Emily Kormann reflects on what she hopes to gain through her study abroad experience in Nantes, France.
Studying abroad is becoming more and more real by the day – I have accepted my spot at IES Abroad in Nantes, France, bought my plane tickets, emailed with my host family, and chosen the luggage that I’ll soon be packing a semester’s worth of my life into. I am feeling nervous and excited by turns, but I’m hoping that excitement prevails soon as I get closer to leaving. I’ve been meditating more on what I want this experience of studying abroad to be, and here’s what I have so far:
I want to speak French fluently, or at least something approaching fluency, after this semester, and a huge step toward that goal will be complete immersion.
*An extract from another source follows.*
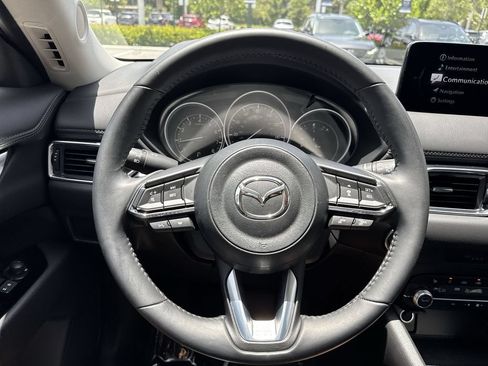 Certified 2024 MAZDA CX-5 AWD 2.5 S w/ Select Package image 48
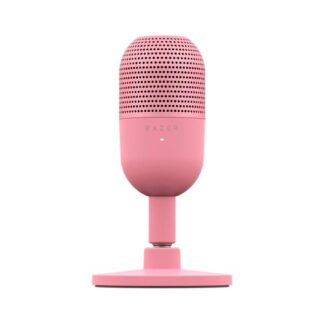 MICROFONO MINI USB DE CONDENSADOR  V3 QUARTZ NASA RAZER RZ19-05050200-R3U1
Despite the many French books I read, French movies I watch, and French songs I listen to, I’m still in the United States surrounded by English speakers and can disconnect from French at any time. While in Nantes, I want to come back from a literature class where we analyzed a French classic – maybe Flaubert’s Madame Bovary– and continue speaking French when I get home with my host parents, telling them about the delay on the tram on my way to class or a particularly insightful comment uttered by one of my classmates. That skill, the ability to speak articulately even after a long and potentially stressful day, is one of two things I most hope to gain in Nantes. The other, mastering non-academic French, is one that also can only be learned in France. By studying in Nantes, I’ll be able to learn new facets of the French language. A real, spoken language is often different from the language we learn in a classroom; connotations of words, vernacular phrases, and idiomatic expressions are all necessary components of language but are difficult – almost impossible – to master in a classroom setting.
I also just want to enjoy my time abroad. This will be my first time leaving the United States, so I really want to visit as many places as I can while still fully appreciating where I am in Nantes. By the time I come home in June, I hope to have visited Prague, Krakow, Vienna, Berlin, and as many other places as I can, but I hope I will have also identified which café in Nantes has the best coffee and which park I find the most peaceful. I’m going to try appreciating the little things in Nantes first, like which boulangerie I prefer, and work my way up to the big stuff, like which European city I’ll be jetting off to next weekend.